SINGAPORE - Oil prices fell in Asia Wednesday, giving up meagre gains in the previous session as investors await a US inventory report to gauge demand in the world's top economy.
US benchmark West Texas Intermediate for September delivery fell 17 cents to $42.45 a barrel and Brent crude for October dipped 23 cents to $48.58 a barrel in late-morning Asian trade.
Both contracts eked out modest rebounds in closing deals in New York on Tuesday.
But analysts said prices were unlikely to stage a sustained rally because the market remains awash with supplies from the Organization of the Petroleum Exporting Countries (OPEC), led by Saudi Arabia.

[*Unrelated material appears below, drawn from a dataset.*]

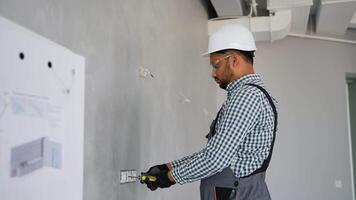 Indian electrician installing a wall socket video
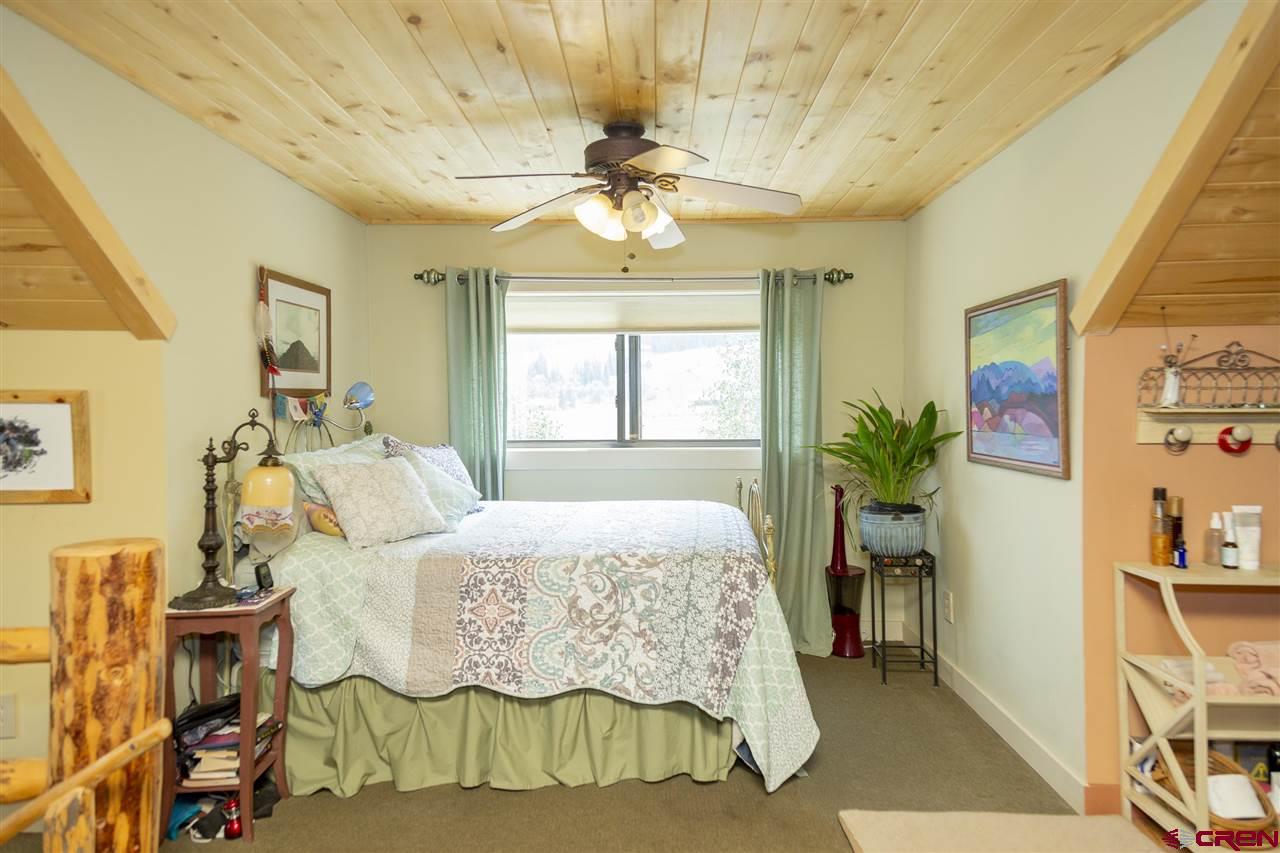148 Rio Grande Drive Creede, CO 81130 - Photo 5 of 27 a bedroom with a bed and a chandelier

Oil traders are also watching a report on US crude inventories in the week ending August 14 due later Wednesday to measure demand in the world's biggest economy and large producer of shale oil.
Analysts expect inventories to decline, but also said stockpile levels remain high after a weaker-than-hoped rise in demand during the summer driving season.
"Output in the US has turned out to be more robust than many had previously assumed, as shale firms have dramatically slashed costs and increased their efficiency rather than cutting production," said Thomas Pugh, commodities economist at research firm Capital Economics.
Demand growth is not keeping pace with supply, especially with the slowdown in China, the world's top energy consuming nation and its second-biggest economy.
Iran last month also reached an agreement with major world powers to rein in its nuclear ambitions in exchange for the lifting of crippling Western economic sanctions which have restricted its oil exports.
"This renewed decline in oil prices has largely been driven by a combination of concerns about demand, notably from China, and continued strong growth in supply," said Pugh.
"OPEC has increased its output by almost 1.4 million barrels per day since January and the potential return of exports from Iran early next year could exacerbate the supply glut," he said.